Взгляд змия - читать онлайн книгу. Автор: Саулюс Томас Кондротас cтр.№ 20

читать книги онлайн бесплатно
 
 

Онлайн книга - Взгляд змия | Автор книги - Саулюс Томас Кондротас

Cтраница 20
читать онлайн книги бесплатно

– Знаешь, милый, как нелегко мне принять подобный рецепт. Я все уже было наметил и решил загодя. Ты на самом деле считаешь это необходимым?

– Разве я стал бы изнурять себя и ваше святейшество столь долгими рассуждениями? В одном лишь сомневаюсь – достаточно ли этого.

– А что, если я оставлю его при себе? – спросил епископ. – Я бы все время мог за ним присматривать и направлять в нужное русло… Ты же знаешь, какие надежды я возлагаю на Пялужиса.

Ректор плотно сжал губы, словно подавляя нахлынувшую печаль, затем сказал:

– Это было бы слишком большим риском и ответственностью. Кто знает, не решит ли Господь сократить дни наши на этой земле? Тогда юный росток сей станут гнуть и ломать ледяные угрюмые вихри. Уверены ли ваше святейшество, что те, кто придут после нас, захотят продолжить начатые нами труды?

– Да, да, верно.
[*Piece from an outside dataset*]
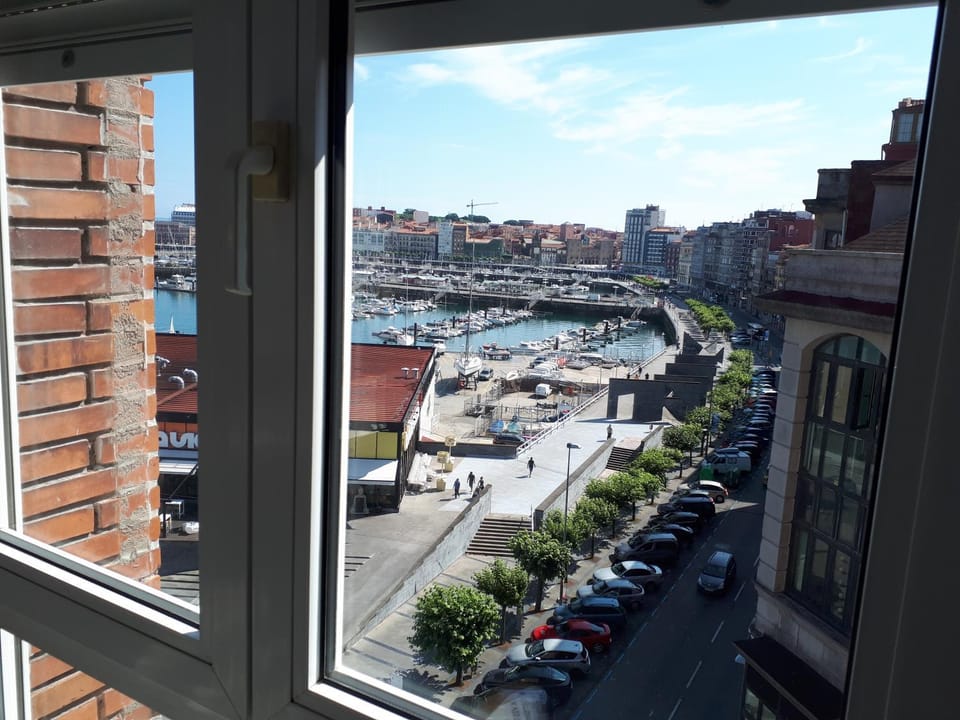 Property building, Dining area, On site, Sea view, Sea view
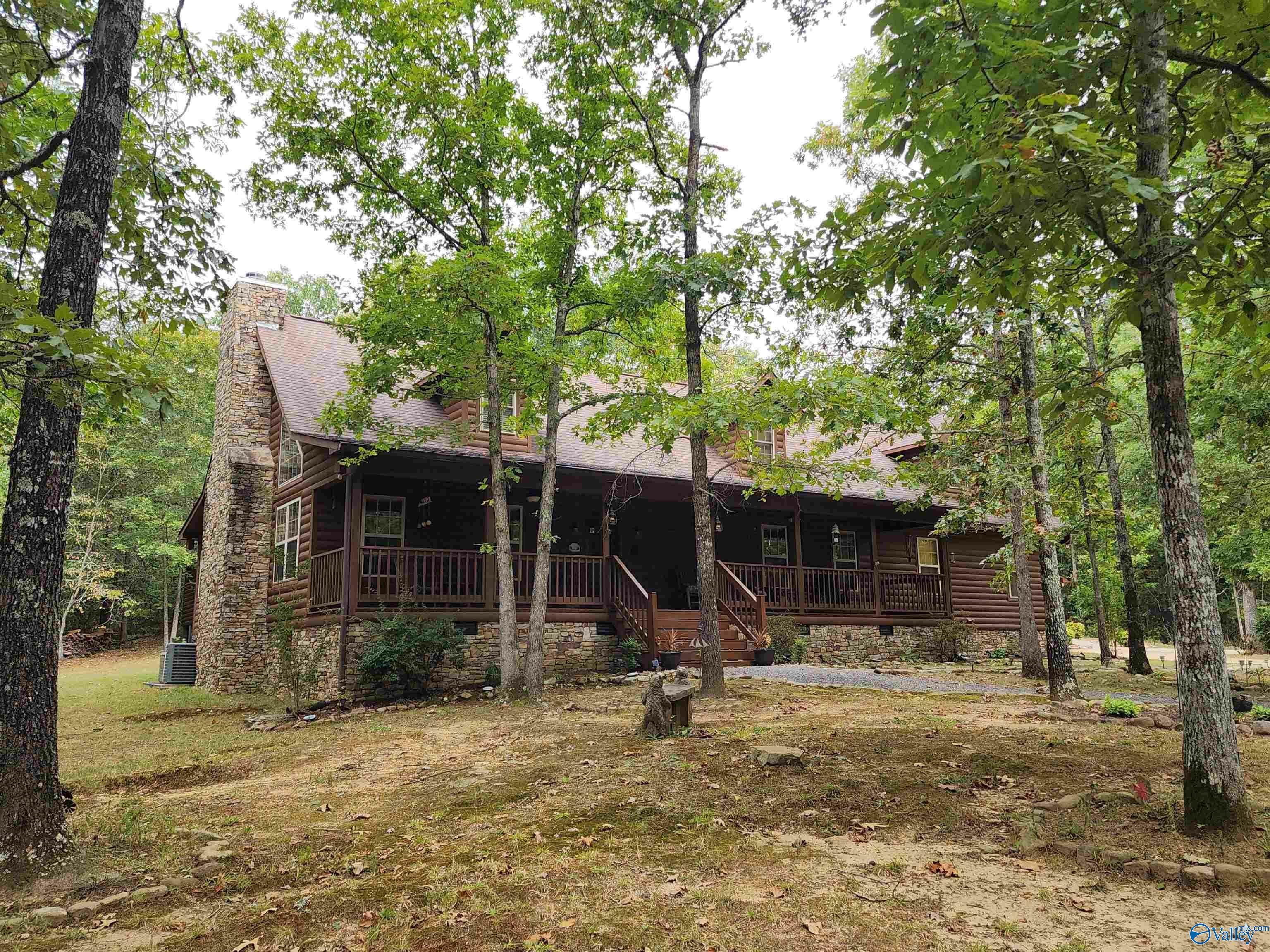 Property Photo:  1392 County Road 106  AL 35984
Искренне благодарю тебя за отеческую опеку юноши. – Епископ поднялся. – Если позволишь, ответ я дам завтра.

– О! – ректор скромно развел руками. – Безусловно. Никогда не следует вести себя поспешно и, как говорится, необдуманно.

Все началось с того, что я забыл притворить окно на ночь, и пламя охладило мое тело. Атмосферный воздух есть не что иное, как остывший огонь, утративший яркий цвет и жар. Так нас учат материалисты, утверждающие, что ничто в мире не исчезает бесследно. Куда же в таком случае девается пламя догоревшего пастушьего костра или растопившейся печи? Оно становится прозрачным, то есть превращается в воздух, которым мы дышим, которым волею Божьей дышат деревья, звери, птицы и камни, и, говорят, даже рыбы.

Тело мое остыло и начало затвердевать, я проснулся, и первое, что я ощутил или воспринял, был терпкий – но до чего же приятный! – запах увядающих ландышей. По ночам они, гляди, сподобятся пахнуть так сладко, и, возможно, причиной тому погасший огонь, который под видом черного ночного воздуха так действует на хрупкие белые цветы, что те стараются в мгновение ока отдать все, что им даровано на долгий срок. Возможно, застывая, они чувствуют свою смерть и поют последнюю песнь, словно лебеди, их тихие гимны и есть тот аромат, что растекается повсюду, не исключая и комнаты, в которой я только что проснулся.

Прекрасно сознавая, насколько ядовит ночной воздух, я не встал, чтобы закрыть окно, только укрылся потеплее и, раздув ноздри, ловил ароматную песнь ландышей, которую они, словно хористы пресвитерианского хора, распевали на склонах лощины, тоже покрытой тьмой.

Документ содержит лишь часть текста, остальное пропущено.